Durante la época de Carnaval los chicos se aglomeraban en el colmado, alentando la comparsa del personaje llamado “Roba la Gallina”, casi siempre un joven simulando ser una vieja, con peluca y excesivo maquillaje, con vestido largo y brillante, teniendo debajo de un brazo una gran cartera y en la mano un palo con escoba, y junto a su larga comitiva bailaba y gozaba,  al tiempo que voceaba, estando ya dentro del negocio:

Ti-ti manatí, ton ton molondrón, roba la gallina, palo con ella, el mejor colmado, el de aquí!”, y don Rafael disponía que se le entregara algo de comer y beber, o dinero en efectivo.

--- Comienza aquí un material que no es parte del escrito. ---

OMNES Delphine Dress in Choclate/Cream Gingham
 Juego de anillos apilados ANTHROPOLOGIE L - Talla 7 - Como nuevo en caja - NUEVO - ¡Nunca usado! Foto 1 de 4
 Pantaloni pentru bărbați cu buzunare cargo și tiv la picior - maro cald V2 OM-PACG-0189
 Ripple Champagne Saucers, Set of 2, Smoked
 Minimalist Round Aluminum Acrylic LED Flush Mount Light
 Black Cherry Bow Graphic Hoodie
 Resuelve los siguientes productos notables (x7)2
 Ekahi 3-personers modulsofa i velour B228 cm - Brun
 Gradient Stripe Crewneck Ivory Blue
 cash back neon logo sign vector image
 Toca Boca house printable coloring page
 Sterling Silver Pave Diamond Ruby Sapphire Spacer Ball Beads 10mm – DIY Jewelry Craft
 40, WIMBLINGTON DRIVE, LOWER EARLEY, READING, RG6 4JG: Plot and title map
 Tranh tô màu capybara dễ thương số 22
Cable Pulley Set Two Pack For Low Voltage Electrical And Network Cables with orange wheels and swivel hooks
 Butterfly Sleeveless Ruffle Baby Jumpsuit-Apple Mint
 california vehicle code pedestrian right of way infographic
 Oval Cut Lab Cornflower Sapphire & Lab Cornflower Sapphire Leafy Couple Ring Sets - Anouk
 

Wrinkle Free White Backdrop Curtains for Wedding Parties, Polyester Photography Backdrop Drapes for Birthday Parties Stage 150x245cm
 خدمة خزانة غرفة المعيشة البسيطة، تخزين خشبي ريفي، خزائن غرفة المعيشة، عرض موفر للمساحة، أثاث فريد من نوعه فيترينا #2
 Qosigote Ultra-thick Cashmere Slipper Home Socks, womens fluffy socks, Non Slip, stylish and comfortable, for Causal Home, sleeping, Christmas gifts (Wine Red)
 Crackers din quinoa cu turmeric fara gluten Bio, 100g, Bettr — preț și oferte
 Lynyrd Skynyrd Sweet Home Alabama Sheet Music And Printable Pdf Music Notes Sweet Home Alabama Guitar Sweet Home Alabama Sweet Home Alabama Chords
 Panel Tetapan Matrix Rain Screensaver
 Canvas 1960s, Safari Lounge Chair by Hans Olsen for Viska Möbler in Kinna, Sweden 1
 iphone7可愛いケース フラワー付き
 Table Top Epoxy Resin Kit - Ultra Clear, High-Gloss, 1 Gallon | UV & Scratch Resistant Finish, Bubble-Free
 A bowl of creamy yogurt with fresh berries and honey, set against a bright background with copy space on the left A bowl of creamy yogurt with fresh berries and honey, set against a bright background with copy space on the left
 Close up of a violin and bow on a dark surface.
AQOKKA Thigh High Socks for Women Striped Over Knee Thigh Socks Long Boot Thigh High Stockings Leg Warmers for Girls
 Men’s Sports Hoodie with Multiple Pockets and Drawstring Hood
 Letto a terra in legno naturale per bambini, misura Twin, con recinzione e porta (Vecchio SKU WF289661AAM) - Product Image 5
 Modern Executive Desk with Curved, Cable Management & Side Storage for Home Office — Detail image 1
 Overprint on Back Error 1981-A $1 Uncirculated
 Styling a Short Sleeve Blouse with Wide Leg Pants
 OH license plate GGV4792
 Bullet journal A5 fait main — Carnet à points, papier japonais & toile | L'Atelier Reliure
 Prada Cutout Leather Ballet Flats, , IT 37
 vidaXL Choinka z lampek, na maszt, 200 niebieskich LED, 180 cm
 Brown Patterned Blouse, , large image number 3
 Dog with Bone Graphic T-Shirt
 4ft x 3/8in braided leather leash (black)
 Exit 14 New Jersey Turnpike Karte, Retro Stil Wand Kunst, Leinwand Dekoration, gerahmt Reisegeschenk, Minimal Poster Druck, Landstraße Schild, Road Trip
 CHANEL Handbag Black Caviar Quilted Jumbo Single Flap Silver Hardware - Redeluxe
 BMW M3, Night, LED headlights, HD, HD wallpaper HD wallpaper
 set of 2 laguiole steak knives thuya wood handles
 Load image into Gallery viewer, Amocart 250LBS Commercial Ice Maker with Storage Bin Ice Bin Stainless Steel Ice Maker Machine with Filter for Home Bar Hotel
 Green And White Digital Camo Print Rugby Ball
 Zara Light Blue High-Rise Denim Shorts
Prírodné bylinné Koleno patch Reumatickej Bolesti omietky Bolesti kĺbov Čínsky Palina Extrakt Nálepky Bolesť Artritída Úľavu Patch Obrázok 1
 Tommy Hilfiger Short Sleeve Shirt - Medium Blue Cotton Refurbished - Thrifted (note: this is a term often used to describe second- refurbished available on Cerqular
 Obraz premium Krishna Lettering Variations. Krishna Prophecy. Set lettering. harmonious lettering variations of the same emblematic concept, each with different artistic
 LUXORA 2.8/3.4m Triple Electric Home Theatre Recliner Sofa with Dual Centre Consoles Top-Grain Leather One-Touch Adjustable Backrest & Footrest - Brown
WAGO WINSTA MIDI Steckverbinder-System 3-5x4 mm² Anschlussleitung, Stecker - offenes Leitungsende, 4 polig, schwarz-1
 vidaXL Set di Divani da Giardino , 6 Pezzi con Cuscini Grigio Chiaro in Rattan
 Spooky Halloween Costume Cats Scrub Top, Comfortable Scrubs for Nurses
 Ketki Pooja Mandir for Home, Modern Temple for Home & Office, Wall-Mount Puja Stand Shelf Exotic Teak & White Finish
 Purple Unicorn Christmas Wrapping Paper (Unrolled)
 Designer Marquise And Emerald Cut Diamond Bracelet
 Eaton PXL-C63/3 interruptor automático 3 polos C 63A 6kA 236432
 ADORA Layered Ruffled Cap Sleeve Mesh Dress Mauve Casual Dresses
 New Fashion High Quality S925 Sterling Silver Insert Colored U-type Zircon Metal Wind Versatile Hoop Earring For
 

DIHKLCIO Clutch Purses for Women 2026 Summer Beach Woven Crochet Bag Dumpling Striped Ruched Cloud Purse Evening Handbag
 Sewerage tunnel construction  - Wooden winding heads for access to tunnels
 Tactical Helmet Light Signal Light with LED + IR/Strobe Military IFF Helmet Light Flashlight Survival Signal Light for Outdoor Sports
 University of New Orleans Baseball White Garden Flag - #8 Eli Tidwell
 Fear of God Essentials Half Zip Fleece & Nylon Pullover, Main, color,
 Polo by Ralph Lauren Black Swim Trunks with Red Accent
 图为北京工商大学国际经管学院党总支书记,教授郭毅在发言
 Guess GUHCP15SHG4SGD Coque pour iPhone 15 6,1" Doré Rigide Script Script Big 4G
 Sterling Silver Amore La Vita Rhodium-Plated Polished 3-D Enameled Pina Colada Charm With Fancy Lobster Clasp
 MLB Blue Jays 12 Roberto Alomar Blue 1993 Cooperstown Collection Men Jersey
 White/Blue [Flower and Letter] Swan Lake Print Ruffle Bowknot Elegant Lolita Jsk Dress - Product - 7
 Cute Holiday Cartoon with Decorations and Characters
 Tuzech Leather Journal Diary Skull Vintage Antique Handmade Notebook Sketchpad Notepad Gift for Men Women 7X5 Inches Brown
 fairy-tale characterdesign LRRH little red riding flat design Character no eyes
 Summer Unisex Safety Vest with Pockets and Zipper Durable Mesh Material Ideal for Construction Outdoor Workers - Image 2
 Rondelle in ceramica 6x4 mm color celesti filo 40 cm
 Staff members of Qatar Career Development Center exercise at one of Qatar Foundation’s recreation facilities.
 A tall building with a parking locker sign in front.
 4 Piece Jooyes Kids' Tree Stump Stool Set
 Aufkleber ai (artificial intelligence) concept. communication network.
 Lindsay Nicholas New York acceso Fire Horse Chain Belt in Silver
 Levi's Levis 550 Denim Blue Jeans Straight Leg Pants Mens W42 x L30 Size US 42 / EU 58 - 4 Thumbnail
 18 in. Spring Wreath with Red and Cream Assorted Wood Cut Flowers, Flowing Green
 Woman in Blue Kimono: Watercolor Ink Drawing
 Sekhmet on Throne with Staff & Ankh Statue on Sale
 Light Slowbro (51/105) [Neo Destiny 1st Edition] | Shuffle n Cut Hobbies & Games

Don Rafael se mantuvo al frente de su negocio durante más de 20 años, en las décadas de los años 50 y 60, consiguiendo que perdurara todo ese tiempo como la plaza más fuerte de consumo en el vecindario, hasta que envejeció y su salud comenzó a deteriorarse, viéndose obligado a descansar e inclinándose por hacerlo algunos meses del año en los Estados Unidos, donde estaban residiendo dos de sus hijos. El colmado fue rentado, y la nueva administración, debido a la cerrada competencia de los negocios cercanos, tuvo varios años de disputa por la hegemonía clientelar con los colmados de Bolo, en la calle Azua con avenida San Martín, debajo de la Clínica Doctor Guzmán; con el colmado León Rojo, de la calle Barahona con Bartolomé Colón, cuyo dueño era un banilejo del pueblo de Sombrero con los apellidos León y Melo; y con el negocio de la familia Peña-Mejía, una esquina después (en la intersección de las calles Azua y Francisco Henríquez y Carvajal), muy frecuentado entonces; aunque algunos jóvenes eran clientes casuales que estaban allí atraídos por la esporádica visión de los bellos rostros de Belkis y Milagros, las hijas del dueño.